(Exercise details): Retype, word for word, every line from the one holding "Puurakenteinen mökki metsän" through the one holding "A bathroom with" in the entries below, both included, and only those lines.

(Stored items from a collection):
**********
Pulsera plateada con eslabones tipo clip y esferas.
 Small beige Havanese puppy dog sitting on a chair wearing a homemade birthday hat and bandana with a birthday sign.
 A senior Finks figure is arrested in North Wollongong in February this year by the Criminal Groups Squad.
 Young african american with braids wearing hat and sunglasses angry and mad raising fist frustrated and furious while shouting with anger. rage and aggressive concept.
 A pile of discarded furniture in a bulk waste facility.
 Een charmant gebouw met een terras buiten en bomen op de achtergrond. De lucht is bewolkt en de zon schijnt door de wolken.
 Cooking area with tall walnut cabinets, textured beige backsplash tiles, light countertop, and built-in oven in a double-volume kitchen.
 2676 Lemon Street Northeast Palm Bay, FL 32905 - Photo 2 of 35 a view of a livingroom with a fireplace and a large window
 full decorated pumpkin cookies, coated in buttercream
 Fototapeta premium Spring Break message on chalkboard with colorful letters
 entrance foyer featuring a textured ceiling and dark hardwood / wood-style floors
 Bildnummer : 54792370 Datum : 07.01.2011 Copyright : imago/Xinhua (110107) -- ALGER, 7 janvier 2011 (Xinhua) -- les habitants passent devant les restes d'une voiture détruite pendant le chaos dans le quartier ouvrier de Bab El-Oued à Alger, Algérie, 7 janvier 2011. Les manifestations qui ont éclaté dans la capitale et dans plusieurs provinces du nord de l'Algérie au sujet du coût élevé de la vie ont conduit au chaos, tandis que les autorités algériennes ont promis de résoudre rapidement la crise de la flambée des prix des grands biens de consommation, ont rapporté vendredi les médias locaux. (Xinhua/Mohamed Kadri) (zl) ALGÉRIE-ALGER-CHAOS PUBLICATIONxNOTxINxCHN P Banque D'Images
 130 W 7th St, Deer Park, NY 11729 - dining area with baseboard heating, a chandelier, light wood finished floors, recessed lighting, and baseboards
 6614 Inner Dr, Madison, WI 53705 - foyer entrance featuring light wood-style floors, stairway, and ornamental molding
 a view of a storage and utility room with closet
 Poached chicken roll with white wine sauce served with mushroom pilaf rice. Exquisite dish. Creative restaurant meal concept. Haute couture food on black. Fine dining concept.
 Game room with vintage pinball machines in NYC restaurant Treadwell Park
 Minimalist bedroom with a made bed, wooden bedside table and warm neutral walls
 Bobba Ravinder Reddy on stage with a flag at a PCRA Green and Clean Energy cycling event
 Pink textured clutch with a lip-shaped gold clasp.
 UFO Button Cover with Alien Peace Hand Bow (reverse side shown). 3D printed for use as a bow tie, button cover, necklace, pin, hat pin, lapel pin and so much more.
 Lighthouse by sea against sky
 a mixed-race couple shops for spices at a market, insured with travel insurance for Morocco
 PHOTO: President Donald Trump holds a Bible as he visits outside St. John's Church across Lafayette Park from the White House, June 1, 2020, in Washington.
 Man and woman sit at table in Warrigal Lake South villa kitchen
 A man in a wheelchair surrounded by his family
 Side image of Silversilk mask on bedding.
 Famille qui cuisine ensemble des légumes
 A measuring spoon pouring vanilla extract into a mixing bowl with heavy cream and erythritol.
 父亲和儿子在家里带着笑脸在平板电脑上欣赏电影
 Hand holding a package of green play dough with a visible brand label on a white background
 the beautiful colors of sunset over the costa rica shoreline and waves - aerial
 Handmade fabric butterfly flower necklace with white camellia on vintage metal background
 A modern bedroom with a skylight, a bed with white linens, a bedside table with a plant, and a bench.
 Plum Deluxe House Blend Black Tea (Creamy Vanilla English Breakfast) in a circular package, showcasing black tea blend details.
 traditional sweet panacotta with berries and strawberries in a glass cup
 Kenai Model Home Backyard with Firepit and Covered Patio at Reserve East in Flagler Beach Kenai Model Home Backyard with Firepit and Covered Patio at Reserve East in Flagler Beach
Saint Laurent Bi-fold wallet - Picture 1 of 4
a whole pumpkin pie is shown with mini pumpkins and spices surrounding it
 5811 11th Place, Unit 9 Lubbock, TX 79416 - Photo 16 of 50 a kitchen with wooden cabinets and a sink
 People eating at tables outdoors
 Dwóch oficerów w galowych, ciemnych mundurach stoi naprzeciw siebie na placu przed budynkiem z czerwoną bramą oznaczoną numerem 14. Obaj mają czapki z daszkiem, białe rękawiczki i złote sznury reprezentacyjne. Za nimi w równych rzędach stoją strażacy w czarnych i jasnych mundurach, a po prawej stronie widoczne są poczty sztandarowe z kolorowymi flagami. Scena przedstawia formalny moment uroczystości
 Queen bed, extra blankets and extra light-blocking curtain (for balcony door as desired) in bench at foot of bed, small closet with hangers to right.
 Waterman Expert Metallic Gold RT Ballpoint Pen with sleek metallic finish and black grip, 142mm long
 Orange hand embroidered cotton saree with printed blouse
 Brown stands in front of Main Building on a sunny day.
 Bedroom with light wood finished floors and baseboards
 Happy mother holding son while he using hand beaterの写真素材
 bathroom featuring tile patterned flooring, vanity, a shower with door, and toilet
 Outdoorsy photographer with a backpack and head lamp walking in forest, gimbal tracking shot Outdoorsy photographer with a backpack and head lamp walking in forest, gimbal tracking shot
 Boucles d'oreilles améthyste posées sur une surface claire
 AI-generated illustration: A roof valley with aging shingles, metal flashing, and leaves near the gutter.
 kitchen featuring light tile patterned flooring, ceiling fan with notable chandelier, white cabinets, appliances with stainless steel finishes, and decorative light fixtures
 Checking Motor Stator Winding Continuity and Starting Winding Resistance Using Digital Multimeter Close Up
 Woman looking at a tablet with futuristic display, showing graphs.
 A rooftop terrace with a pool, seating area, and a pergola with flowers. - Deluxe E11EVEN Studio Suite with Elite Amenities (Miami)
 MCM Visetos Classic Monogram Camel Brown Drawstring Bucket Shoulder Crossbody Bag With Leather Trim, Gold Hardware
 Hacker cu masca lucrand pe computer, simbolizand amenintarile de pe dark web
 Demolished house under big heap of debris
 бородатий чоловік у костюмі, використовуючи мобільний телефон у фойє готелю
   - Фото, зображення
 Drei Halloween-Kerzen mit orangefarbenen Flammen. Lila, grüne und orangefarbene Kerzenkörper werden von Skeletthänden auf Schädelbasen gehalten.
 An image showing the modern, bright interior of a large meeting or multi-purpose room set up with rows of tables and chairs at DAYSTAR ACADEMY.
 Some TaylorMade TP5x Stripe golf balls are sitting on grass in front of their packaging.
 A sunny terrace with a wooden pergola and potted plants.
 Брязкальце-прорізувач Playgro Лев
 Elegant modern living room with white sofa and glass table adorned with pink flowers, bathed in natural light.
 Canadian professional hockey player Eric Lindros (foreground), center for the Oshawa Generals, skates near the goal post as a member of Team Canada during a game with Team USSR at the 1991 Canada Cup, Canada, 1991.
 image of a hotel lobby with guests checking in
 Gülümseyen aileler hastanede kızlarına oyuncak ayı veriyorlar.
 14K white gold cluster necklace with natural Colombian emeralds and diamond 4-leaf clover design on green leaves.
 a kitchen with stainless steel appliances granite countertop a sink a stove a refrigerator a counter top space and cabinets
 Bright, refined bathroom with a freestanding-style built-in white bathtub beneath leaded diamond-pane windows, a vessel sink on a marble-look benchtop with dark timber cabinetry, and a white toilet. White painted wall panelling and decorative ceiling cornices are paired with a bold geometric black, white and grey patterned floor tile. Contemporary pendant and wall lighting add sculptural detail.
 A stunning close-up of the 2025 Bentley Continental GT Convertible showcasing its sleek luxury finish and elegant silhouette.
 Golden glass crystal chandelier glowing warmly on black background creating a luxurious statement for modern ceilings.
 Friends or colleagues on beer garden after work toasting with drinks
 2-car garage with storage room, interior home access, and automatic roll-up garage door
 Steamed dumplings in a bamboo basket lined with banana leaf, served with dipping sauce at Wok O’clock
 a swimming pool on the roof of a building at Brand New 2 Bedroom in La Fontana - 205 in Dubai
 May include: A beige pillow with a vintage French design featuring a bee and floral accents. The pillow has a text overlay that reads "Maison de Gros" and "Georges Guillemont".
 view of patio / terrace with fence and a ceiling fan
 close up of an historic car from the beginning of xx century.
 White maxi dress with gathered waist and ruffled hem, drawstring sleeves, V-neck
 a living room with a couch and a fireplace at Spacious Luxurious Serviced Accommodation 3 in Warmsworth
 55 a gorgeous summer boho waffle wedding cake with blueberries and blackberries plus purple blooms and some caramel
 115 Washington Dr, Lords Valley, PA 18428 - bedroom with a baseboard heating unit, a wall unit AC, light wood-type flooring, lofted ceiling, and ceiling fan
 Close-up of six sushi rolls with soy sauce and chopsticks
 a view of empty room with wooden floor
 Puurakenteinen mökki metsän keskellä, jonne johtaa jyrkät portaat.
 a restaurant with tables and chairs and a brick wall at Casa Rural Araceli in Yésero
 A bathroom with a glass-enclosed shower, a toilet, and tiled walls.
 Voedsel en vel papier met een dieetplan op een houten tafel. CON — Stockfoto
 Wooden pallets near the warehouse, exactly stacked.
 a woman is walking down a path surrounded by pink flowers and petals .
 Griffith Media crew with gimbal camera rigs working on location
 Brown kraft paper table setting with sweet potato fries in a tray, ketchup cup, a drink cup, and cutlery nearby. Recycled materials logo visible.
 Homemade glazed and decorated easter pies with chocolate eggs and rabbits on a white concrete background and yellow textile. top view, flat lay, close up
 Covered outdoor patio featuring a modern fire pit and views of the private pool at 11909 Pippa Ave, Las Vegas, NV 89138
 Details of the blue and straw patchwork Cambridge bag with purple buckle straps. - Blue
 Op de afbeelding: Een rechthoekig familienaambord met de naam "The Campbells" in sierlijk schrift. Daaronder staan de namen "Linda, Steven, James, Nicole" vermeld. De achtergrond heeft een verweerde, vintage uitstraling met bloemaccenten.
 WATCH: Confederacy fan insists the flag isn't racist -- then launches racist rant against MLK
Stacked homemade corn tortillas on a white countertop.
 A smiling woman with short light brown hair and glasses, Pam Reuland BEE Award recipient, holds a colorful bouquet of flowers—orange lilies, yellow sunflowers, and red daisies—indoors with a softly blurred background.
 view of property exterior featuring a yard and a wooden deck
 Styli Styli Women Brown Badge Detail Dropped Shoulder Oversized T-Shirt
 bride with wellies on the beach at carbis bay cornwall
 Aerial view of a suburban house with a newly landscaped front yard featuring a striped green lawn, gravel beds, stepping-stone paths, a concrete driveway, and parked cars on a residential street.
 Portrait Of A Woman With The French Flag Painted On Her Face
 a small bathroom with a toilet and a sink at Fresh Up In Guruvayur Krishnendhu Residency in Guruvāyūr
**********
(Solution to this task):
 Puurakenteinen mökki metsän keskellä, jonne johtaa jyrkät portaat.
 a restaurant with tables and chairs and a brick wall at Casa Rural Araceli in Yésero
 A bathroom with a glass-enclosed shower, a toilet, and tiled walls.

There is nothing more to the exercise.